BFM Business
Vie de bureau

Les effets d'un dimanche travaillé sont difficiles à compenser

Les moments passés entre un père et ses enfants sont réduits de 92% quand il travaille le dimanche.

Les moments passés entre un père et ses enfants sont réduits de 92% quand il travaille le dimanche. - Pezibar - CC

Le dimanche est traditionnellement consacré aux loisirs, à la famille et aux amis. Pour ceux qui sont amenés à travailler ce jour-là, avoir un jour de repos en semaine ne permet pas d'avoir ces mêmes moments de partage.

Un salaire doublé, la prise en charge des frais de garde des enfants, le remboursement des frais de taxi, voici quelques-unes des compensations obtenues par les salariés dans le cadre des accords de branche permettant le travail dominical. Mais ces avantages ne compensent pas tout. Selon une étude publiée dans la revue Économie et Statistique de l'Insee, travailler le dimanche entraîne une perte de sociabilité familiale et amicale que ne peut remplacer aucun jour de repos en semaine. Un enjeu social "souvent occulté dans les débats relatifs à l'extension du travail dominical", selon ses auteurs, auteurs Jean-Yves Boulin et Laurent Lesnard.

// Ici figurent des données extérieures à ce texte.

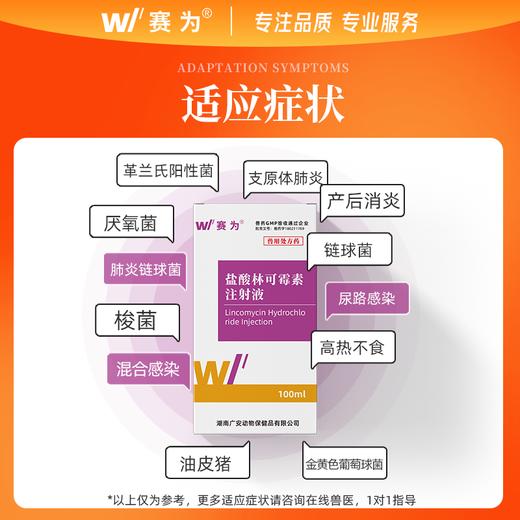 赛为30%盐酸林可霉素注射液剂兽用猪牛羊高热混感产后消炎症咳喘 商品图1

Leur étude ne portait pas sur l'impact du travail le dimanche à proprement parler, mais elle permet de "comparer les usages du temps de ceux qui travaillent le dimanche et de ceux qui ne travaillent pas ce jour-là", a expliqué Laurent Lesnard. Les deux chercheurs se sont appuyés pour leur étude sur l'enquête Emploi du temps menée par l'Institut de la statistique en 2009 et 2010, confirmant que le dimanche est "avant tout le jour des loisirs", avec en moyenne une durée des heures récréatives plus que doublée par rapport à un jour de semaine.

Moins de temps accordés aux enfants

Le dimanche, jour sans travail et sans école, est aussi et surtout plus propice aux moments de partage en famille et avec les amis. "Il permet de synchroniser les rythmes de l'ensemble de la société", souligne Laurent Lesnard. De ce fait, le travail dominical a des conséquences plus importantes que le travail en semaine, notamment sur les temps familiaux. Selon les calculs des deux chercheurs, la perte de sociabilité parents-enfants, "toutes choses égales par ailleurs", est ce jour-là "quasiment multipliée par deux" (+43%). Les temps spécifiques mère-enfants et père-enfants sont aussi plus impactés, (-69% et -92% respectivement). Or, "le temps passé ensemble en famille est l'un des piliers du lien familial contemporain", soulignent les auteurs.

Les loisirs avec les amis, deux fois plus conséquents le dimanche qu'un jour de semaine non travaillé (83 minutes contre 42), se réduisent aussi: un quart d'heure (-82%) quand le dimanche est travaillé.

Un jour de repos en semaine compense-t-il cette perte de sociabilité? Pas entièrement, selon l'étude. "Une partie des temps de sociabilité parents-enfants et amicale récréative perdus les dimanches ne sont pas récupérés pendant la semaine et correspondent à des pertes nettes pour les travailleurs dominicaux", selon les chercheurs. Les temps parents-enfants sont les plus affectés, avec une perte nette de presque 40 minutes, tandis que la sociabilité amicale se creuse de 25 minutes.

Les salariés peu qualifiés sont les plus exposés 

L'étude relève enfin que, de manière générale, le travail dominical "s'inscrit dans des rythmes hebdomadaires atypiques", allant de pair avec des "semaines décalées la nuit" (avec du travail de nuit), "fragmentées" (avec des coupures en journée entre des périodes de travail) et "décalées en soirée".

Des horaires qui sont "assumés principalement par des salariés peu qualifiés de l'industrie et des services", dont le risque d'exposition au chômage est "particulièrement élevé", notent les auteurs. Ils y voient un "correctif" à l'explication qui voudrait que "seuls les salariés pour qui de tels horaires de travail ne posent pas problème acceptent ces emplois". Le travail dominical concerne près de trois salariés sur dix en France.